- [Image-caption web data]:
▬▬▬
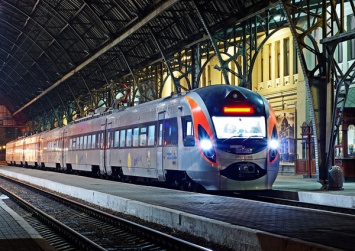 «Укрзализныця» выпустила iOS-приложение для покупки билетов на поезда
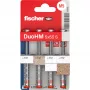 Fischer DuoHM 5x55 S PH PZ ontelorasiaproppu 55 mm 4 kpl 572912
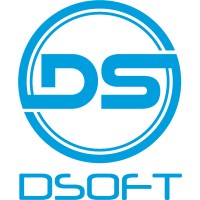 DSOFT SOFTWARE Logo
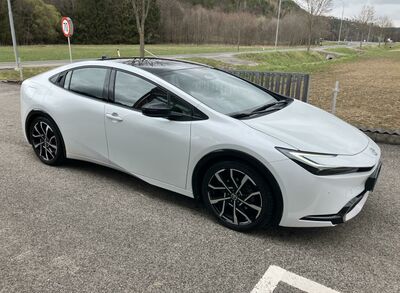 Toyota Prius Gebrauchtwagen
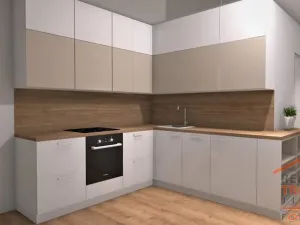 Pronájem bytu 1+kk, Hradec Králové, třída Edvarda Beneše, 30 m2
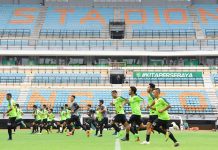 Jadwal Persinga vs Persebaya di Piala Indonesia Diundur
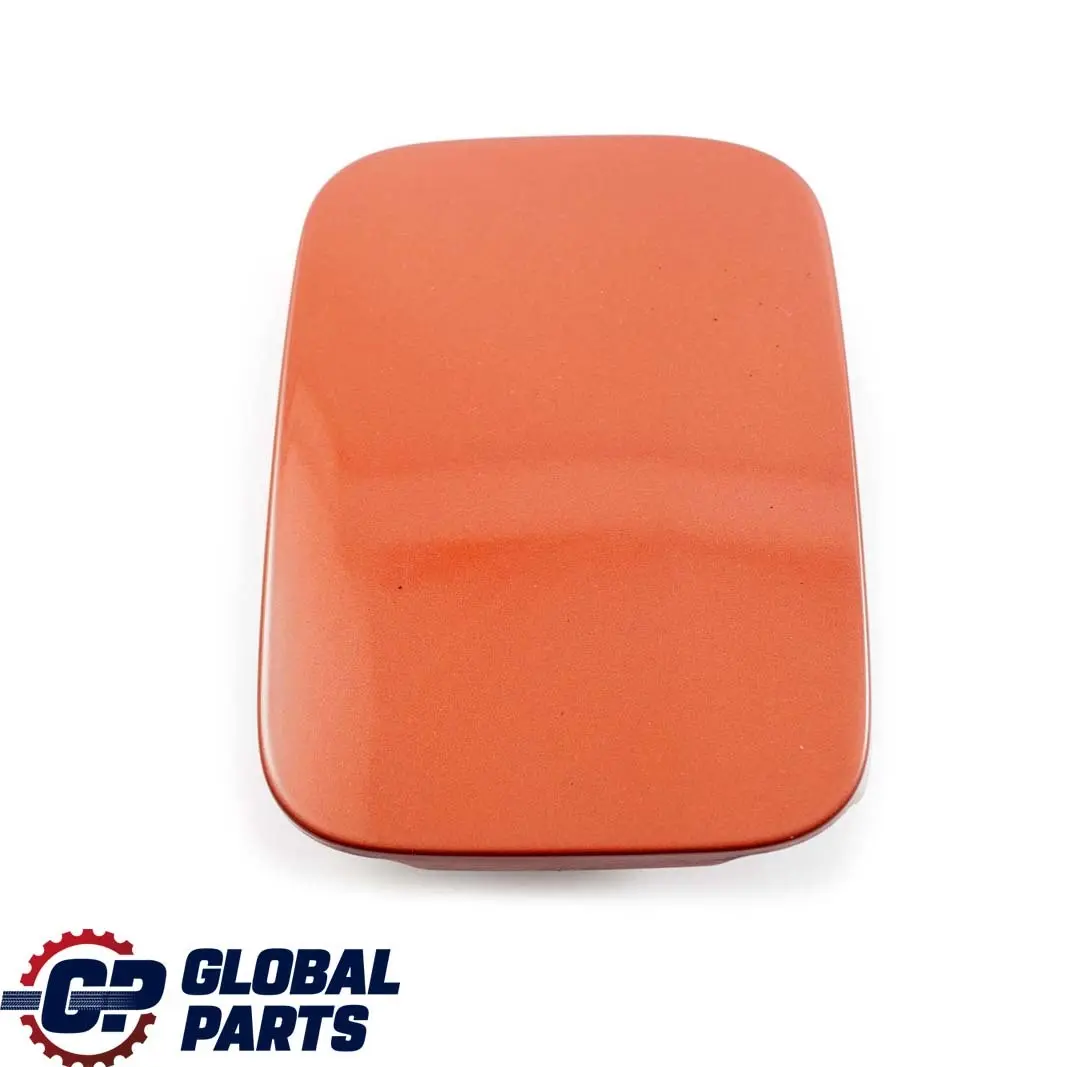 Mercedes-Benz A-Class W168 Fuel Flap Tank Cap Cover Mica Coral Orange 490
▬▬▬
- [Work to be completed]: Leaving the pictures aside, output each entry above exactly as written.

- [Final answer]:
 «Укрзализныця» выпустила iOS-приложение для покупки билетов на поезда
 Fischer DuoHM 5x55 S PH PZ ontelorasiaproppu 55 mm 4 kpl 572912
 DSOFT SOFTWARE Logo
 Toyota Prius Gebrauchtwagen
 Pronájem bytu 1+kk, Hradec Králové, třída Edvarda Beneše, 30 m2
 Jadwal Persinga vs Persebaya di Piala Indonesia Diundur
 Mercedes-Benz A-Class W168 Fuel Flap Tank Cap Cover Mica Coral Orange 490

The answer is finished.